Is there any such thing as an "Android audience?" Calling it a "Samsung Galaxy S4 audience" or "Moto X audience" might be more accurate, right? Because if you want to reach that so called entire Android audience, you have to target much older operating systems and set that as your lowest common denominator.

2 comments

I think there's an "Android Audience". Regardless of device, they/I want portrait and landscape, android look 'n feel (Actionbar, etc), desktop widgets, background push, and so on. There are fairly easy ways to support some new and old APIs without resorting to lowest common denominator, such as checking the version before making the API call, and reflection.

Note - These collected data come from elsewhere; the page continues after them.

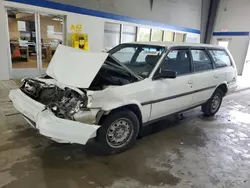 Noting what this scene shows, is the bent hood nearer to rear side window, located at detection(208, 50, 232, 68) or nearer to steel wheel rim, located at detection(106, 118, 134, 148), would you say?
steel wheel rim, located at detection(106, 118, 134, 148)

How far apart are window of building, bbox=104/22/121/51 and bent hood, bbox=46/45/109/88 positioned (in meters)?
6.20

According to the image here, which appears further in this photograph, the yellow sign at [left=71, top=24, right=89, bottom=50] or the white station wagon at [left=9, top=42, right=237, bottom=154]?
the yellow sign at [left=71, top=24, right=89, bottom=50]

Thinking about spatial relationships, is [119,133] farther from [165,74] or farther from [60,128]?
[165,74]

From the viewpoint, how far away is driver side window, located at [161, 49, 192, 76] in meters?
3.31

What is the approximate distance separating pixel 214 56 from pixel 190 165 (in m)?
2.60

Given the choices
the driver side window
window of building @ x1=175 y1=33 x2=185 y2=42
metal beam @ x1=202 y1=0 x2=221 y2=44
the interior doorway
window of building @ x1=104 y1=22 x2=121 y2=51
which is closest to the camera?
the driver side window

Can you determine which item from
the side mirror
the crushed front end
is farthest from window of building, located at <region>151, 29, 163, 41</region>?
the crushed front end

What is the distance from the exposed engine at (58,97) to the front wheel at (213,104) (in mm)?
3145

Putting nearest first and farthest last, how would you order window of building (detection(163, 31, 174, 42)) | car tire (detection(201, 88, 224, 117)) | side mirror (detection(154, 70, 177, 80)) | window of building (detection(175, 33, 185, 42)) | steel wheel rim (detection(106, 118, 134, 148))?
1. steel wheel rim (detection(106, 118, 134, 148))
2. side mirror (detection(154, 70, 177, 80))
3. car tire (detection(201, 88, 224, 117))
4. window of building (detection(163, 31, 174, 42))
5. window of building (detection(175, 33, 185, 42))

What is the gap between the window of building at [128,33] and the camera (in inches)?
385

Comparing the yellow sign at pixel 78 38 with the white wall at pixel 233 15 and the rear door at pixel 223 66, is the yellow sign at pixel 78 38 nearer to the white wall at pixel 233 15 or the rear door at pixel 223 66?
the rear door at pixel 223 66

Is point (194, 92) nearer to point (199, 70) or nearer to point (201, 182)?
point (199, 70)

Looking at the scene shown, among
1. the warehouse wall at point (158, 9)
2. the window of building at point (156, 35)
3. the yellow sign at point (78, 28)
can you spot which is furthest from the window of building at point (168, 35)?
the yellow sign at point (78, 28)

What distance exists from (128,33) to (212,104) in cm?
647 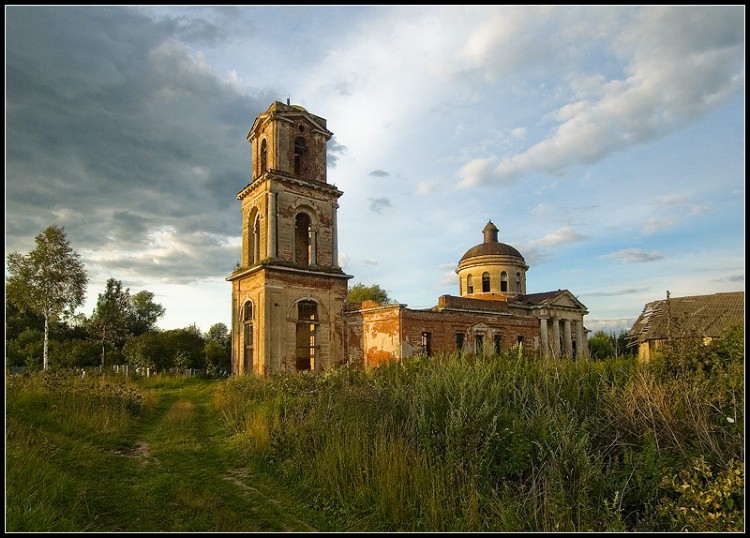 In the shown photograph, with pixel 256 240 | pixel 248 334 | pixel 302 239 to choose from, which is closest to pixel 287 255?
pixel 256 240

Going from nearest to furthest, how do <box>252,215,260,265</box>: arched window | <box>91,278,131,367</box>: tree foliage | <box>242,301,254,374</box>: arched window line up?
<box>242,301,254,374</box>: arched window, <box>252,215,260,265</box>: arched window, <box>91,278,131,367</box>: tree foliage

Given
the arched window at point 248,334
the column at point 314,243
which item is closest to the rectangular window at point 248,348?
the arched window at point 248,334

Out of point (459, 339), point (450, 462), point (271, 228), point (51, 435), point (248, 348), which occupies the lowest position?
point (51, 435)

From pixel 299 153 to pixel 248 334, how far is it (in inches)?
398

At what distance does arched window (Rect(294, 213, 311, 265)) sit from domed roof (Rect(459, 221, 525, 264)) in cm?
1800

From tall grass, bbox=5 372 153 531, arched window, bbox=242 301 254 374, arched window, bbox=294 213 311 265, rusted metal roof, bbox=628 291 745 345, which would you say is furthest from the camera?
arched window, bbox=294 213 311 265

It is a continuing support and testing issue to support "This works on 4.0+ only" features.

The big problem with testing is interacting with OEM and 3rd party apps for your own core app functionality. Such as launching an external camera to take a picture: who knows what camera app the user has installed, and what it will return back to your app.

I am not sure about Android development these days, but 2 years ago cross-device support was horrible, yes. I think Android >4 solved most if not all of these complaints by standardizing core aspects of the system. You still have a whole bunch of devices running on Android <4, so you do have to invest more time in 100% device coverage, yes. It is an advantage that with Apple there are only a handful of devices with tight integration in the SDK, but due to its openness Android was (and still is to an extinct) very segmented.